Distribber
- Industry: Film distribution
- Founded: 2007
- Founder: Adam Chapnick
- Headquarters: Los Angeles, California, United States
- Key people: Nick Soares (CEO)
- Parent: GoDigital (2015-2019)

= Distribber =

Distribber was a Los Angeles-based motion picture distribution company formed in 2007 by Adam Chapnick to help filmmakers distribute motion picture content into popular video-on-demand outlets. Distribber distributed feature-length narrative and documentary films, short films, and television series.

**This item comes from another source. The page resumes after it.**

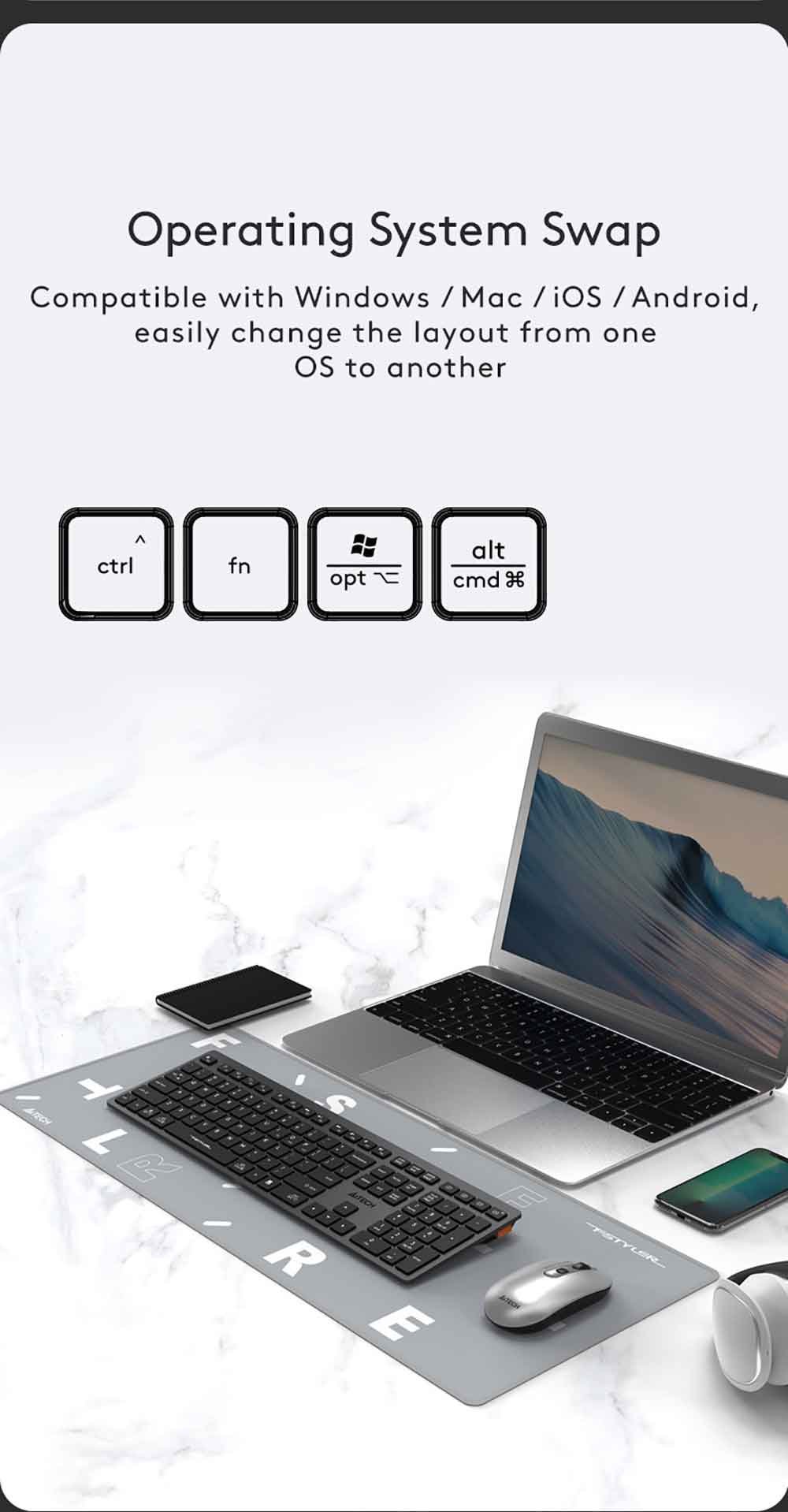 FBX50C Bluetooth & 2.4G Wireless KB Feature Breakdown 4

They declared bankruptcy in 2019 while owing filmmakers thousands of dollars.

==History==
In March 2010, Distribber was acquired by the popular crowdfunding platform, IndieGogo.

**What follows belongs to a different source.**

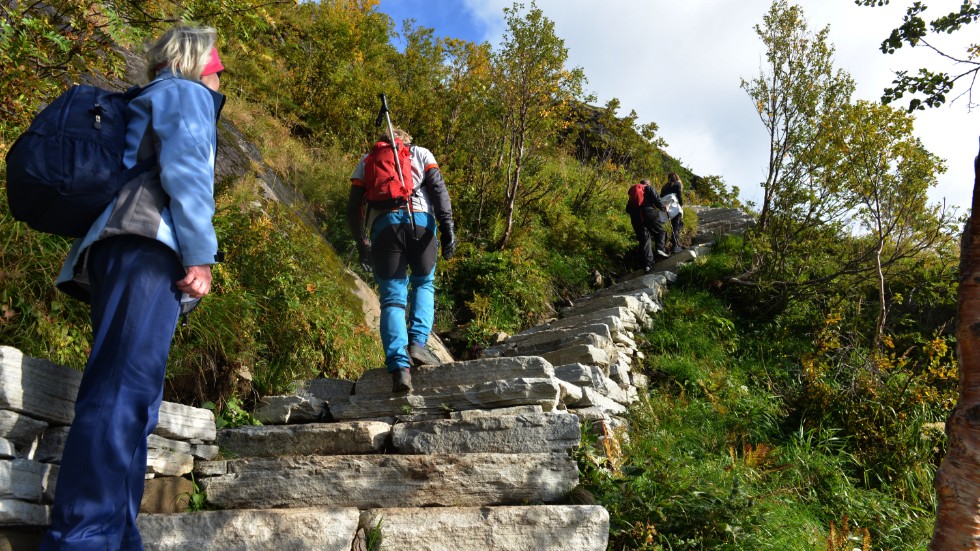 Den 1500 steg långa trappan har lagts av himalesiska sherpas och tog krönikören upp till en lovsjungen utsikt.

In May 2014, Digi Worldwide acquired Distribber from Indiegogo In June 2015 the full service digital and video-on-demand distribution company GoDigital acquired Distribber.

In January 2016, Nick Soares was appointed CEO of GoDigital Inc. In June 2016, Distribber partnered with the International Documentary Association to create a quarterly documentary grant program. Shortly thereafter, Distribber managed the digital release of Josh Fox's ‘How to Let Go of the World’ In August 2016, Distribber partnered with the theatrical distributor Abramorama to distribute high-profile indie films in video-on-demand.

==Restructuring==
In September 2019, Distribber closed its offices, and GoDigital hired GlassRatner for restructuring.

==Releases==
Distribber releases over 1000 films each year. Releases have included Range 15 with William Shatner and The Resurrection of Jake The Snake starring Jake Roberts.